Fazit: Es sollte allseits versucht werden, derartige Verfahrensfehler zu vermeiden, die weder für die Gerichte noch für die Parteien irgendwelche Vorteile bringen. Die Beschwerdekammern sollten sich vielmehr an den klaren Gesetzeswortlaut halten und nicht experimentieren, möglicherweise hat es sich aber auch nur um ein Versehen gehandelt.

KG: Unzulässiges Ablehnungsgesuch wegen Besorgnis der Befangenheit

Offenbar um einen Antrag auf Verlegung eines Termins zu untermauern bzw. das Verfahren zu verzögern, brachte ein Rechtsanwalt ein Ablehnungsgesuch gegen einen Richter wegen Besorgnis der Befangenheit für den Fall an, dass der Termin nicht verlegt werde. Der Antrag wurde als unzulässig verworfen. Gegen diesen Beschluss wurde sofortige Beschwerde eingelegt.

Dem KG (Beschl. v. 19.6.2023 – 10 W 100/23) stellte sich zunächst die Frage, ob die sofortige Beschwerde überhaupt zulässig ist. Gemäß § 46 Abs. 2 ZPO gibt es kein Rechtsmittel, wenn der Antrag für begründet erklärt wird; wird der Antrag hingegen für unbegründet erklärt, ist die sofortige Beschwerde zulässig. Hier war der Antrag jedoch als unzulässig verworfen worden. In einem solchen Fall greift § 567 Abs. 1 Nr. 2 ZPO ein, da ein das Verfahren betreffendes Gesuch zurückgewiesen wurde.
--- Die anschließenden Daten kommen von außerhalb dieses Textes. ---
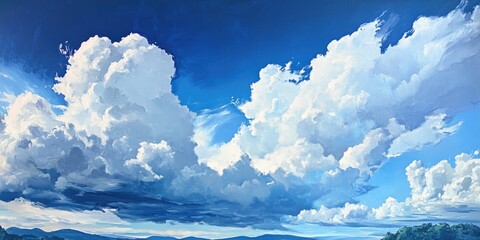 Oil painting depicting dramatic clouds and a storm front in the afternoon sky showcasing the beauty of nature s elements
Im Rahmen der Begründetheit der sofortigen Beschwerde stellt sich die weitere Frage, ob das Gesuch zulässig ist. Dies ist nicht der Fall. Derartige Anträge können nicht unter einer Bedingung gestellt werden, auch nicht unter einer sonst oft zulässigen innerprozessualen Bedingung. Im Hinblick auf § 47 ZPO bedarf es nämlich vollständiger Klarheit darüber, ob der Richter zur Vornahme von Handlungen ermächtigt ist oder nicht.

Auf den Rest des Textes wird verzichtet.